The story we all learned as children about Pocahontas rescuing Captain
Smith is probably only partially true. In December, 1607, Smith and some
other colonists were out foraging for food when they were captured by the
Indians. Chief Powhatan let them go, which may be the basis for the story
Smith told many years later of Pocahontas, who was Powhatan's daughter,
intervening on his behalf. There is no corroboration for the story and
many authorities doubt it, but as Arthur Quinn writes in A New World, his
history of colonial America, "If it never really happened as Smith recounts
it, it should have. "The real Pocahontas did win the hearts of those first
English settlers in America. In fact, without her, Jamestown, like the
earlier settlement at Roanoke, might have disappeared. Of all the local
Indians, she was the one most entranced by the strange people who settled
in her land. As a child she often visited Jamestown and entertained the
colonists by turning cartwheels. She even warned the colonists of impending
Indian attacks. The English kidnapped her in an effort to win concessions
from Powhatan. Both the English and the Indians were surprised when Pocahontas
announced that she preferred to remain in the colony. By her choice and
her regard for the colonists, she was the instrument of at least a temporary
peace between the parties. While Disney and legend have her marrying Captain
Smith, history records her marriage to a colonist named John Rolfe. In
a letter to the governor of the colony, Rolfe asked permission to marry
Pocahontas "to whom my dear and best thoughts are and have been a long
time so entangled."
Whether or not she loved him is less clear, but
they were married April 5, 1614. The church where they were wed was the
third of five successive places of worship in Jamestown. The brick tower
of the fifth church, erected in 1647 as an addition to the church of 1639,
is the only 17th century structure still standing. In a Memorial Church
built in 1907 you can see part of the foundations of the fourth and fifth
churches. The Rolfes went to England where Pocahontas, given the Christian
name Rebecca, was popular at court. On the day they were to return to Jamestown,
she died, apparently of pneumonia. Rolfe was important to the colony in
another way: he began the commercial growing of tobacco. It proved the
economic salvation of the settlement since the gold the settlers originally
hoped to find was not there. This was the seed of the plantation system.

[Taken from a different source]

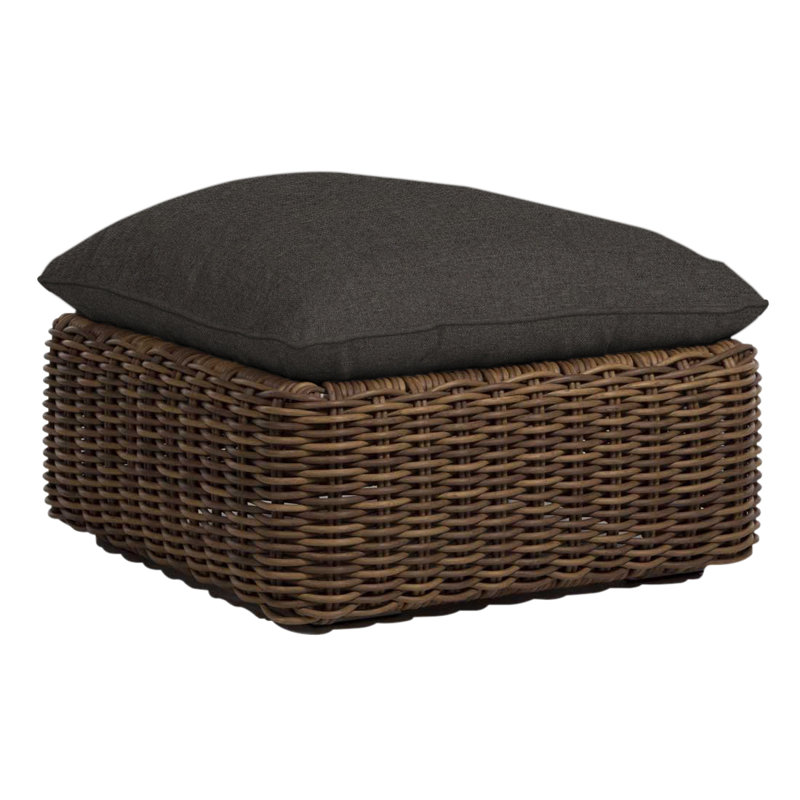 Montecito Woven Ottoman - Raffia, Welt, Raffia, Rollo Cream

Jamestown was also where slavery took root in America. The first Africans
were brought there in 1619, perhaps more as involuntary indentured servants
than slaves, but by 1638 a slave market existed. In 1699, weary of fires, mosquitoes, and bad water, the settlers abandoned Jamestown and moved to
Williamsburg, about seven miles inland and on higher ground. Jamestown's
population never much exceeded 1,000, but in its 92 years of existence
it set the stage for much of what was to come in America.